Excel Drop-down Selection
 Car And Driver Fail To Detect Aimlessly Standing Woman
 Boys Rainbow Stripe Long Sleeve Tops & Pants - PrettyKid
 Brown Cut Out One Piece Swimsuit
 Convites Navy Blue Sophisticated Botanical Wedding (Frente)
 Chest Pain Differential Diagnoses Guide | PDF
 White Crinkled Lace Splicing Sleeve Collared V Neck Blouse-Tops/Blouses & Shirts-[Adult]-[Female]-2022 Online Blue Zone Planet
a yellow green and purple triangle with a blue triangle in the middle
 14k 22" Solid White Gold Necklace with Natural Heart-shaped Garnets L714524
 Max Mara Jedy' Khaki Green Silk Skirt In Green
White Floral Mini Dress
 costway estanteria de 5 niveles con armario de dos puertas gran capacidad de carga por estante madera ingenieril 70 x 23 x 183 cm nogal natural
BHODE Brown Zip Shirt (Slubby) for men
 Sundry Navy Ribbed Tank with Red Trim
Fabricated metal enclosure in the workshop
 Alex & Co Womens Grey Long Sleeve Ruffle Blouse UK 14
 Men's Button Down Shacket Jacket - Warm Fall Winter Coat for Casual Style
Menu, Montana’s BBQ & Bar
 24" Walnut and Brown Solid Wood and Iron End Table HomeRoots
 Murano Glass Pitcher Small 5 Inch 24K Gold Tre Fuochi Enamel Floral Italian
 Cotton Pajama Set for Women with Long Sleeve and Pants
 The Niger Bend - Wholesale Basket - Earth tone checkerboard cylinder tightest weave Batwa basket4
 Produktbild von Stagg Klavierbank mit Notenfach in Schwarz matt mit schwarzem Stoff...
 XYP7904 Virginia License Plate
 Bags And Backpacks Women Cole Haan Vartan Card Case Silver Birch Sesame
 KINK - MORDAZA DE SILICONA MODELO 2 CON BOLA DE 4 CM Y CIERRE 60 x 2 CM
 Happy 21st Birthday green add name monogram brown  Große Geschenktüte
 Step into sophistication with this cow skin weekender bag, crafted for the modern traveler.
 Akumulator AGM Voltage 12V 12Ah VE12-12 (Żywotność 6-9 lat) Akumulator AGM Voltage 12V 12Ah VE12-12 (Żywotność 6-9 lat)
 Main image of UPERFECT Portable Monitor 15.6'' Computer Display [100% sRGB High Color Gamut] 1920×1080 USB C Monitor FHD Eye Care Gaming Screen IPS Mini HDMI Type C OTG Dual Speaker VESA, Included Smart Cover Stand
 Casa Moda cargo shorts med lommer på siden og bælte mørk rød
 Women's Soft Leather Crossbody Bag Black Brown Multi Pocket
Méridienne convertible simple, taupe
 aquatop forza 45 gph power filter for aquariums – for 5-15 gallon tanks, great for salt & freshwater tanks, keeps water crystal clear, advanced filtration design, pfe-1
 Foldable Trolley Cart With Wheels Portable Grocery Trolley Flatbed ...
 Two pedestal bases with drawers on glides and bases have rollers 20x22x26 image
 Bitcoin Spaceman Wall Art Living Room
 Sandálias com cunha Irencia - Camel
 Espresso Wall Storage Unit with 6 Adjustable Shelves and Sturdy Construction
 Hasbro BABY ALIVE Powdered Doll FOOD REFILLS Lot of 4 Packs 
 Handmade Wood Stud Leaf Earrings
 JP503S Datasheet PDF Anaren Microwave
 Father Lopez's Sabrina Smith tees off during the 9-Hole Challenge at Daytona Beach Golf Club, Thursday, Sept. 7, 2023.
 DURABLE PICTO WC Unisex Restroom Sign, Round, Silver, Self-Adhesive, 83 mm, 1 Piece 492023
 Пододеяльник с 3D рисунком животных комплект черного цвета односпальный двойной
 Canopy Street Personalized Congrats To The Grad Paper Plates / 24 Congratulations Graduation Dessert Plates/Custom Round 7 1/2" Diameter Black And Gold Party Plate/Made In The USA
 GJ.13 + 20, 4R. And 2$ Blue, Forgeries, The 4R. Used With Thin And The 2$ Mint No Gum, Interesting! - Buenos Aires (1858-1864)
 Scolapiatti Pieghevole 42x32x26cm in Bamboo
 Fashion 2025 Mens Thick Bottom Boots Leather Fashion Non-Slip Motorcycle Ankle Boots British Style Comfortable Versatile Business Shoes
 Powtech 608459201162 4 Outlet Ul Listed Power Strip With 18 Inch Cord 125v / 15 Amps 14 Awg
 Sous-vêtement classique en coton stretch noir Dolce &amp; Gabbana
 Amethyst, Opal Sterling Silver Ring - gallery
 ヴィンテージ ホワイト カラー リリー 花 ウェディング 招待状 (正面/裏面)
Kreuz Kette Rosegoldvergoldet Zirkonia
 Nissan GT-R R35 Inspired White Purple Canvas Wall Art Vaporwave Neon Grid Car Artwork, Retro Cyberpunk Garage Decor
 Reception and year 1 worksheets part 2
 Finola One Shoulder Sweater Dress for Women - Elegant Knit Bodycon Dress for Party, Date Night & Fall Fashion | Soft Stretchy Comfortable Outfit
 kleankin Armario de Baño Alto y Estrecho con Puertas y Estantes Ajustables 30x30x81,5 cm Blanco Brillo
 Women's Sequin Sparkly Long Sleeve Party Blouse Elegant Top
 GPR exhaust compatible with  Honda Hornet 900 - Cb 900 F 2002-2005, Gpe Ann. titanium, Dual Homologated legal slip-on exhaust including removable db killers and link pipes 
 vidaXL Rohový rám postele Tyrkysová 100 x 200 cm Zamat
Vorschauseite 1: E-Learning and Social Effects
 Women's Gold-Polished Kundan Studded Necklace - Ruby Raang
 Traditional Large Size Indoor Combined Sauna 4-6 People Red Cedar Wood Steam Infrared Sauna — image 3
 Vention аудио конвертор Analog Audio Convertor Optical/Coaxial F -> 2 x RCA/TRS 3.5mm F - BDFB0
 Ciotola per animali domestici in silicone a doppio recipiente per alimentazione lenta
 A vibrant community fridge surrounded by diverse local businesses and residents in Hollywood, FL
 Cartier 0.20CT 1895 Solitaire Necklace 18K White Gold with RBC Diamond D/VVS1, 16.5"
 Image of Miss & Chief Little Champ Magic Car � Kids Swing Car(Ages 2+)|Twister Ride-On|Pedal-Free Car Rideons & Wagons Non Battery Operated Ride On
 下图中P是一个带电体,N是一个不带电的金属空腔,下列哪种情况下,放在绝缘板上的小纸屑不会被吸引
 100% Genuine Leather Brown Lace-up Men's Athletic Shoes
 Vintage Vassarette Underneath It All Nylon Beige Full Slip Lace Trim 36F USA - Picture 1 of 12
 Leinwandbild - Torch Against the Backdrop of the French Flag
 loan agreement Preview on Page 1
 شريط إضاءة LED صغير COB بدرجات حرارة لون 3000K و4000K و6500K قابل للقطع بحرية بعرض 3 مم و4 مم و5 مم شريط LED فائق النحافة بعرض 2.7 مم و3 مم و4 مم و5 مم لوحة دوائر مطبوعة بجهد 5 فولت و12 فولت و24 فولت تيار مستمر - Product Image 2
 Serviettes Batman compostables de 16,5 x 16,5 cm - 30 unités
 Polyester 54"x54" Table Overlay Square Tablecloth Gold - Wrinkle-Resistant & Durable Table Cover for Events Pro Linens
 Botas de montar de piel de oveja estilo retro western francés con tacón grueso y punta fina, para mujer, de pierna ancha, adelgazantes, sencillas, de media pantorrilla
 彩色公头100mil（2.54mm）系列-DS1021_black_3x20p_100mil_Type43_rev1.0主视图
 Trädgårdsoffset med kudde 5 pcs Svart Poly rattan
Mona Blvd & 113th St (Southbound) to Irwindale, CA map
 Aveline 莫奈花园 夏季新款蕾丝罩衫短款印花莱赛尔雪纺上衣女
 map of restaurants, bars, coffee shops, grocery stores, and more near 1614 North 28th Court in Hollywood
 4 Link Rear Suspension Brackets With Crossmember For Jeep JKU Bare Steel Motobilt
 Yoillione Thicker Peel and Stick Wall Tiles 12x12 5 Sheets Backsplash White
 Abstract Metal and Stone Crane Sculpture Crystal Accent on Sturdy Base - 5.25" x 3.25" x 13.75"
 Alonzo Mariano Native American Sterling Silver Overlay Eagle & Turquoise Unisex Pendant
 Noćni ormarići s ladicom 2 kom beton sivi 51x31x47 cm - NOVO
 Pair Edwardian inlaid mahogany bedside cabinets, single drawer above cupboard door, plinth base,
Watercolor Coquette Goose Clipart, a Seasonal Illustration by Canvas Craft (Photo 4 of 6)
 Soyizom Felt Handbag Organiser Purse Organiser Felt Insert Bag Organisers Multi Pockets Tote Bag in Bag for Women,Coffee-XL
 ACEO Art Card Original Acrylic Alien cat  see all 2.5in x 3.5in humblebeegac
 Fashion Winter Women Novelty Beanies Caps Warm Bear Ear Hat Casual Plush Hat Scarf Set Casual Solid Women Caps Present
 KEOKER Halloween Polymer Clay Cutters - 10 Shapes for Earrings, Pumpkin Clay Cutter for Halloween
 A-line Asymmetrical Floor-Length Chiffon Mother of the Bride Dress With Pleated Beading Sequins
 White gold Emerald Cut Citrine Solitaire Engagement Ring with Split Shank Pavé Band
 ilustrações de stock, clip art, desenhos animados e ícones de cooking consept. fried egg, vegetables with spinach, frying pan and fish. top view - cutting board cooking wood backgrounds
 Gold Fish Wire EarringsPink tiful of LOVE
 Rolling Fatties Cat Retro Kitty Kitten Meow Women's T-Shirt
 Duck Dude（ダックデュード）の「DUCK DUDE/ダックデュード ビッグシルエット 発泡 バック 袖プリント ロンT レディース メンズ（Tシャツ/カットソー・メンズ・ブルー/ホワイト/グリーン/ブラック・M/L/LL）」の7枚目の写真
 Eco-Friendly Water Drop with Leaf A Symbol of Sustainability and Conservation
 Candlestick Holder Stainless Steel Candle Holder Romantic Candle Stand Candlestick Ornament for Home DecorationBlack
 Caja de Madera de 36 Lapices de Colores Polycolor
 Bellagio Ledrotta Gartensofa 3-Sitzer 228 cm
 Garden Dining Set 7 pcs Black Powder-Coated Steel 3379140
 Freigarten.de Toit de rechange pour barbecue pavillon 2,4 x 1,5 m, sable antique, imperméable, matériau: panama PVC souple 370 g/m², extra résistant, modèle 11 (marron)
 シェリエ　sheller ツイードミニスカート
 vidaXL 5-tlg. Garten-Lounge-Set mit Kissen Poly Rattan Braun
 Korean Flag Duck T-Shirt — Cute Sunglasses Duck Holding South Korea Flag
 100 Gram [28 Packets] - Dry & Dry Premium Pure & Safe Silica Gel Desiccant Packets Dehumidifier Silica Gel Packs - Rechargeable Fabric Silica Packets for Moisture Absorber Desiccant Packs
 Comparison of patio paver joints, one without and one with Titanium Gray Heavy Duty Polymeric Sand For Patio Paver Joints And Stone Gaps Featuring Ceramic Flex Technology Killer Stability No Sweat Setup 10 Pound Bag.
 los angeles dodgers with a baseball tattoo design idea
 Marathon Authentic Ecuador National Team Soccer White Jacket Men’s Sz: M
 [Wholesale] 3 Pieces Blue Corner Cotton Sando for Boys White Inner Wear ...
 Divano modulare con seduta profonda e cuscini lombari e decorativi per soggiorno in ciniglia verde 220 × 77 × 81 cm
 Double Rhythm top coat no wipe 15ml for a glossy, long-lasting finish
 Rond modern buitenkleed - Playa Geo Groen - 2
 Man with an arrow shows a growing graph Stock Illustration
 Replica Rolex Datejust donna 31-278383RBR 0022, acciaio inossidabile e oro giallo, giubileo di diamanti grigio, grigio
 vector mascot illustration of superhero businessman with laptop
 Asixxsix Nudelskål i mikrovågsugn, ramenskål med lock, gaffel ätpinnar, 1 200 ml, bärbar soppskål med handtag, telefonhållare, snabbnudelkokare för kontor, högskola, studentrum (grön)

* * * * *

ASSIGNED TASK: Whenever a line of the data above holds the word "Blouse", it counts once; report the total number of such lines and nothing more.

RESULT: 3